A 47-year-old man had been given a diagnosis of mixed connective tissue disease (MCTD) on 1987 when he had presented with Raynaud's phenomenon, polyarthralgia, sclerodactyly, and a high titre of anti-RNP antibody. Once his symptoms had improved following the administration of prednisolone orally and the treatment was discontinued since 1995. He noticed dyspnea and chest pain in February 1997. The bilateral pleural effusion was pointed out in the local hospital and he was admitted to our hospital in March 1997 for further examination. In addition to pleural effusion and ascites, laboratory studies revealed hypoalbuminemia and low serum levels of complements. Renal and liver function tests were normal and the urine gave a trace test for protein. The presence of protein loss in the gut was confirmed by an elevated alpha 1-antitrypsin clearance and 99mTc-albumin scintigraphy showing abnormal radioactivity in the gastrointestinal tract. Although endoscopic examination showed no abnormal findings macroscopically and gastrointestinal biopsies revealed nonspecific inflammation only, immunofluorescent studies demonstrated deposits of C 3, C 4 and IgG in the stomach, colon, and pleura.
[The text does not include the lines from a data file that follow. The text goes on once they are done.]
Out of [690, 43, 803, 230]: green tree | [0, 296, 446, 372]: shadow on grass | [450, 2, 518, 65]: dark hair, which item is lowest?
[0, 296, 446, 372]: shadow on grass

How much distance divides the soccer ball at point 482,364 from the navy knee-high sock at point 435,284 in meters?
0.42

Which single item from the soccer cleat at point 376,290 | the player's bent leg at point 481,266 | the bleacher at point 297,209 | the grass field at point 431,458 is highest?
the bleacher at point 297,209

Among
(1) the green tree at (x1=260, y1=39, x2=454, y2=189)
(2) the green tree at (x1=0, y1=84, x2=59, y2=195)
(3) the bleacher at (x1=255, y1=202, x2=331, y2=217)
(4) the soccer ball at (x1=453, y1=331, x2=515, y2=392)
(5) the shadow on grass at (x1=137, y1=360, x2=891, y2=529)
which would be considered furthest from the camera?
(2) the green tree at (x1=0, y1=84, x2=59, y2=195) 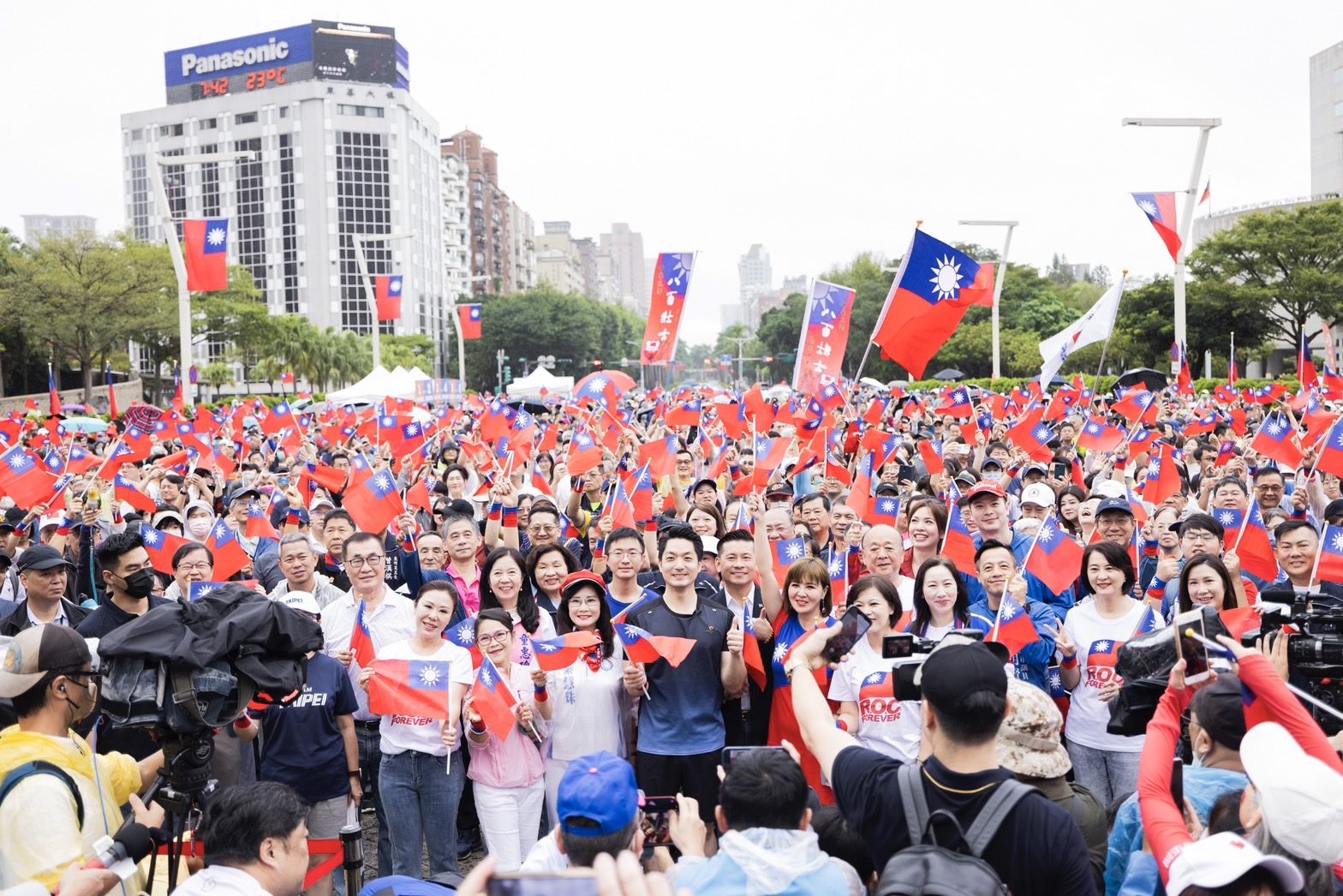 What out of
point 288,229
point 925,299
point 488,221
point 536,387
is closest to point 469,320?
point 536,387

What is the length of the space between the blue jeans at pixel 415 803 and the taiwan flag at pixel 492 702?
36 centimetres

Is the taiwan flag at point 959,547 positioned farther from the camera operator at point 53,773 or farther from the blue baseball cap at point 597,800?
the camera operator at point 53,773

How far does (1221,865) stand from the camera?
2324 millimetres

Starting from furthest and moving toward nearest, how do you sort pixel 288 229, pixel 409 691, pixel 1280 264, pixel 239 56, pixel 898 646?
pixel 239 56 < pixel 288 229 < pixel 1280 264 < pixel 409 691 < pixel 898 646

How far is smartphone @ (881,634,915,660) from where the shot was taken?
338 centimetres

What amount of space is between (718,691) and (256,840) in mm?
2337

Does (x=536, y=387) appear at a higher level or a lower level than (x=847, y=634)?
higher

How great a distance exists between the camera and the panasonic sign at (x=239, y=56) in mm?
97562

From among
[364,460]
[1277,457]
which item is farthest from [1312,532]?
[364,460]

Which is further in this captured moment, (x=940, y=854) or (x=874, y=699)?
(x=874, y=699)

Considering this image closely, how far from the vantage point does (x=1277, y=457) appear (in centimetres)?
1065

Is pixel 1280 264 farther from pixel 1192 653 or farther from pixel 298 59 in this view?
pixel 298 59

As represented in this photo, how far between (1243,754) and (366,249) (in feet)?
319

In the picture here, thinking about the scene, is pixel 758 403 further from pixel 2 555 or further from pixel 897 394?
pixel 897 394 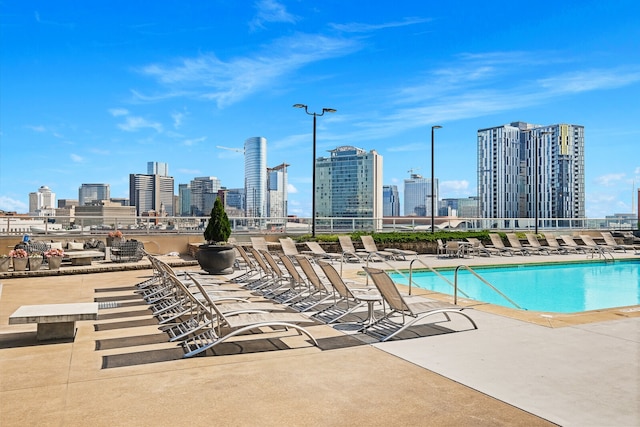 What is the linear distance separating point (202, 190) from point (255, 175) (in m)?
14.1

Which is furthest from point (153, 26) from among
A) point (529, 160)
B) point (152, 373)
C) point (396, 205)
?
point (396, 205)

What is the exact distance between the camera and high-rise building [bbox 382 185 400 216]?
10731 centimetres

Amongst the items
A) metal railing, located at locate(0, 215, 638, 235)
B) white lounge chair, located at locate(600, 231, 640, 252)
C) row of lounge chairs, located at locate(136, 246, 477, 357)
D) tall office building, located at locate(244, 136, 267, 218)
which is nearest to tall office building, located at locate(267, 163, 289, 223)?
tall office building, located at locate(244, 136, 267, 218)

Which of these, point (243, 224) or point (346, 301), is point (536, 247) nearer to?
point (243, 224)

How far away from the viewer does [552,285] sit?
14172mm

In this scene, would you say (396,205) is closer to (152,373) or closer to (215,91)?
(215,91)

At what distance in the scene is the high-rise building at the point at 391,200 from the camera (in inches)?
4225

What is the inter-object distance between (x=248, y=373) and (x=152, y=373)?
890 millimetres

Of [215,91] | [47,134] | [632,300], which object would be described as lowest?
[632,300]

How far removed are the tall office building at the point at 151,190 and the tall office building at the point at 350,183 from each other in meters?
44.9

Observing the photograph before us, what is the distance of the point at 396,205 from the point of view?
4365 inches

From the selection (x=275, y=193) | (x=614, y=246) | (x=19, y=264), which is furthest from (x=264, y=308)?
(x=275, y=193)

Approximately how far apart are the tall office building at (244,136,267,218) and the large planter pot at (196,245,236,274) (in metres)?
60.3

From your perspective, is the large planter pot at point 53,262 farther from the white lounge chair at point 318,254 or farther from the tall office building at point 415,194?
the tall office building at point 415,194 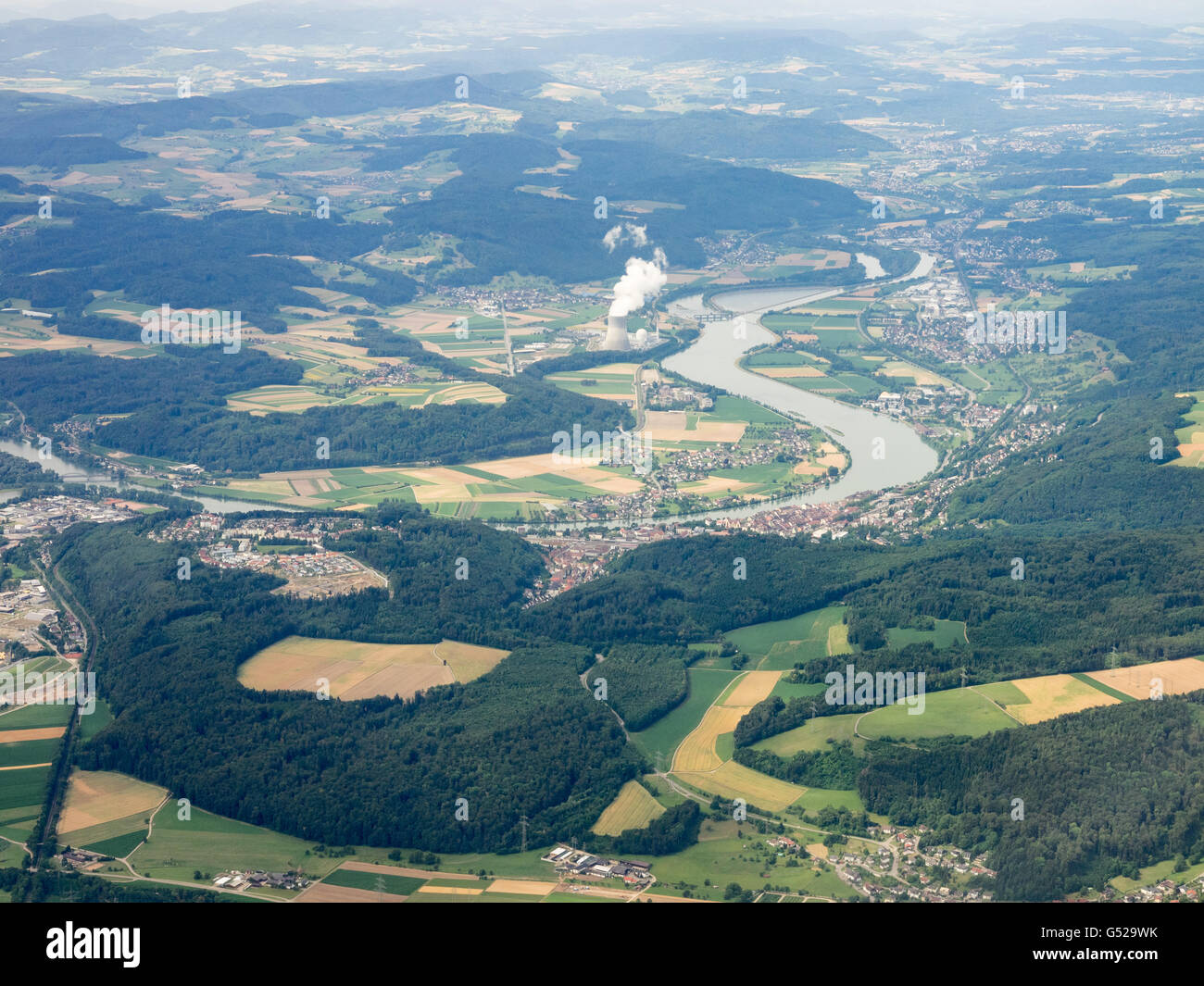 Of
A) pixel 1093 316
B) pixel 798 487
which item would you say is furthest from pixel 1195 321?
pixel 798 487

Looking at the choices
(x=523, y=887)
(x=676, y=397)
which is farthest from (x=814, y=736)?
(x=676, y=397)

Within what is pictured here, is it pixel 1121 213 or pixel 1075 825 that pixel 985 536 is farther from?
pixel 1121 213

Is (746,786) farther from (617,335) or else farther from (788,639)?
(617,335)

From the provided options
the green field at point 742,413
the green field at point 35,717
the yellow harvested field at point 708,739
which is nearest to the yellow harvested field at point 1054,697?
the yellow harvested field at point 708,739

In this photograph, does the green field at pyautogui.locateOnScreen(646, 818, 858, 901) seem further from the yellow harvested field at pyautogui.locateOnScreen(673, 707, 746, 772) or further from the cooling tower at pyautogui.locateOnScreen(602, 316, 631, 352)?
the cooling tower at pyautogui.locateOnScreen(602, 316, 631, 352)

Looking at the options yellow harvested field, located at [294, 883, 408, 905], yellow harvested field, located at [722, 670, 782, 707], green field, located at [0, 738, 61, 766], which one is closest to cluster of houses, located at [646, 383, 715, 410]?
yellow harvested field, located at [722, 670, 782, 707] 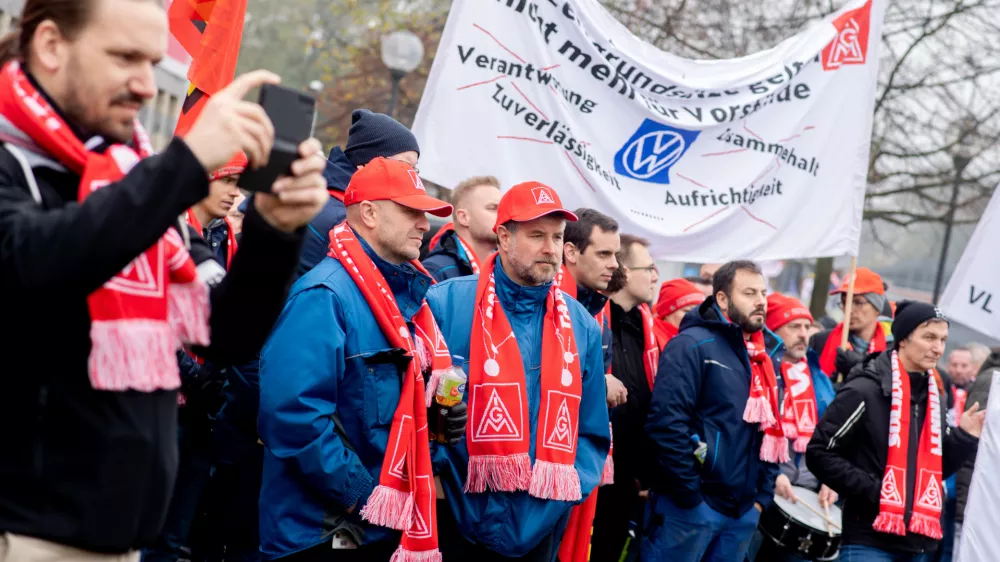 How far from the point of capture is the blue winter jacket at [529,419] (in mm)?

These findings supported the pathogenesis that immune deposits in tissues caused protein-losing gastroenteropathy (PLGE) in MCTD. Intravenous administration of cyclophosphamide started since July 1997, while the high-dose corticosteroid therapy including methylprednisolone pulse therapy were not effective. Hypoalbuminemia and low serum levels of complements improved remarkably and the pleural effusion and ascites disappeared after cyclophosphamide pulse therapy four times monthly. Cyclophosphamide pulse therapy should be considered as a possibly effective treatment for PLGE in association with collagen disease resistant to corticosteroid therapy.